Iranian actor and director

Mostafa Abdollahi (1955 – ) was a seminal Iranian stage and film actor, theater director, voice artist and theater instructor. He was widely recognized as an outstanding actor and the many productions that he directed provided him with a reputation as one of the leading theater directors in Iran. In 1979, he was admitted to the dramatic arts faculty of Tehran to start his education in the directing and acting program.

Abdollahi established Koocheh (meaning alley in English) theater group in his birthplace in 1970. During his 46 years of activity, he staged numerous plays both as an actor and as a director. He also acted in many movies, TV theaters, Radio dramas, and TV series.

His artistic activities include acting and directing in 62 theater productions, directing several TV theaters and short films, directing and voice acting in more than 500 radio plays, and playing in famous TV series like Heroes Never Die, Lighter Than Darkness, and Zero Degree Turn. Abdollahi is also the recipient of many awards for various artistic activities.

== Biography ==
Born in 1955 in the city of Borujerd, Abdollahi passed his childhood and teenage years in his birthplace. He established Koocheh theater group in 1970. Koocheh theater, which was the first scientific and organized theater in Borujerd, announced its existence by performing the Farmer of Chicago by Mark Twain. Activity of Koocheh theater group in borujerd lasted until 1979. During 9 years, the members of Koocheh theater group performed 17 plays from famous Iranian and western playwrights such as Bahram Beyzai, Athol Fugard, William Shakespeare, Gholam-Hossein Sa'edi, and Augusta, Lady Gregory.

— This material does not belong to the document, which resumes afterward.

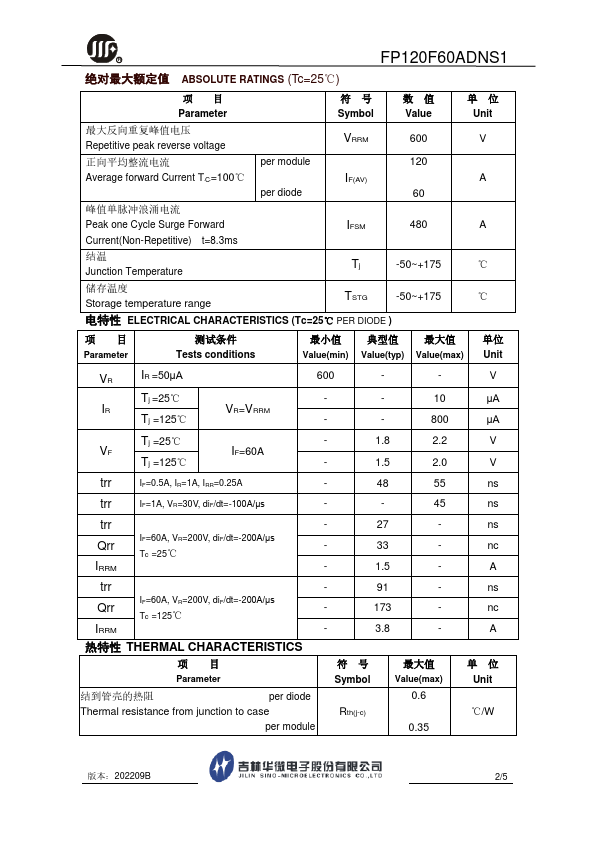 FP120F60ADNS1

After starting his studies at the Dramatic Arts Faculty of Tehran, Abdollahi was selected to play a small role in a play titled Enemies written by Maxim Gorky and directed by maestro Rokneddin Khosravi. Within the rehearsal sessions, his virtuosity and endeavor caused Khosravi to choose him for Zakarov role, which is one of the leading roles in Enemies. This play, however, was not performed because of the so-called cultural revolution and its sequences in Iran. Iranian cultural revolution caused universities to be closed, therefore Abdollahi voluntarily went to Kerman province to help earthquake-stricken people and collaborated in rebuilding damaged towns. Because of universities reopening in Iran by the end of the cultural revolution, he came back to Tehran and prepared Sizwe Banzi is dead as the graduation thesis of his classmate Majid Beheshti. His brilliant performance attracted Hamid Samandarian's and Ghotbeddin Sadeghi's attentions who were two outstanding directors in Iran.

Abdollahi was one of the first artists invited to join Honar theater group which was established by Ghotbeddin Sadeghi. He collaborated with Honar theater group as the director and actor in more than 25 plays. During the 1990's, the acting duo Mostafa Abdollahi and Michael Shahrestani was very famous and admirable in Iranian theater.

Many people know Abdollahi for his playing the role of an Iranian hero named Arsalan in the Heroes Never Die TV series. Abdollahi started his acting in Iran television since 1986. He also participated in several movies such as Living with the presence of a wall, Eye witness, and Mah-banoo. Moreover, Abdollahi had many successful experiences in acting and directing dramas for Iran national radio and television. By and large, he was recognized as a prominent artist in Iran and as Ghotbeddin Sadeghi said: "He never staged dull and useless plays, which are far from the culture of his homeland and he had faith in what he did on stage".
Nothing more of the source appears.